David & Albert Maysles
Review by Rumsey Taylor
Posted on 11 July 2004
Source Plexifilm DVD
Features: 5 Films About Christo & Jeanne-Claude
Reviews: Christo’s Valley Curtain
Reviews: Christo in Paris
Running Fence documents Christo’s 1978 work to erect a fabric barrier, 24 miles long and 18 feet high, in the coast hills of northern California (he would later return to a similar environment in his Umbrellas project). This is one of Christo’s more extensive works, and as with many of his large-scale projects requires county and state legal approval. In every case this approval is difficult and time-consuming.
Christo lobbies extensively in each project the Maysles have covered. He has here drawn specifically the route of the running fence, and visits the landowners to show them drawings and ask for unofficial permission. Christo’s ideas are abstractly impressive, but his speech has little clarity. The rural Californians are polite to this stranger, and appropriately suspicious, perhaps mostly so as this fence is not designed to enclose anything.
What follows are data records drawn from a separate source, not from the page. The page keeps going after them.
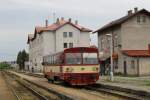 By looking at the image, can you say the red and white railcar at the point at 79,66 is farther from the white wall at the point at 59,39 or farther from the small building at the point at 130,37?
the white wall at the point at 59,39

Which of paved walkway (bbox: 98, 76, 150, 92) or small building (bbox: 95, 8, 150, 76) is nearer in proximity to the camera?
paved walkway (bbox: 98, 76, 150, 92)

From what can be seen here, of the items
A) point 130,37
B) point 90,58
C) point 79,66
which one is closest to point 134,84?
point 90,58

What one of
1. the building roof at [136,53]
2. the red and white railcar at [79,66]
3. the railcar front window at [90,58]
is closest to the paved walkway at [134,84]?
the red and white railcar at [79,66]

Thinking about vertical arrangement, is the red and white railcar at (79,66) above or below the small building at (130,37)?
below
At a county hearing citizens debate the purpose, potential harm, and cost of the project. Each of Christo’s works is temporary (they usually last two weeks before their removal) and self-financed — it is difficult to understand for many that there is no interest in profit. This and every legal debate Christo encounters funnels down to the nature of his work. This is perpetual and always subjective; one man ridicules the idea of the fence, another woman remarkably analogizes the work to the temporary “masterpieces” she crafts in her kitchen. Although these are the most polarized examples, the public’s responses to Christo’s proposals are not usually related to his own intentions, which are usually more simplified.
The construction of the fence requires several laborers, and Christo running between them all, dressed in thick glasses, mulleted, and in a hard-hat. This is the endearing image of the Bulgarian-born Christo, as a frantic artist commanding his crew with an accent that seems to intensify with volume.
The state is informed of the running fence project during its production, and denies permission to end the fence in the Pacific Ocean. This warning ignored, the fence is constructed with haste as Jeanne-Claude (the wife and administrative half of Christo’s team) fields a swarm of threats that Christo will be charged and the fence will be removed. The fence is completed, however, and this hurry of legal imposition becomes distracted by the finality of the project. The end of the film is composed of silent, aerial shots of the completed work. At this point, suspicion dissolves to awe; it is an extraordinary and unnaturally beautiful circumstance. Expectedly, the charges against Christo were dropped.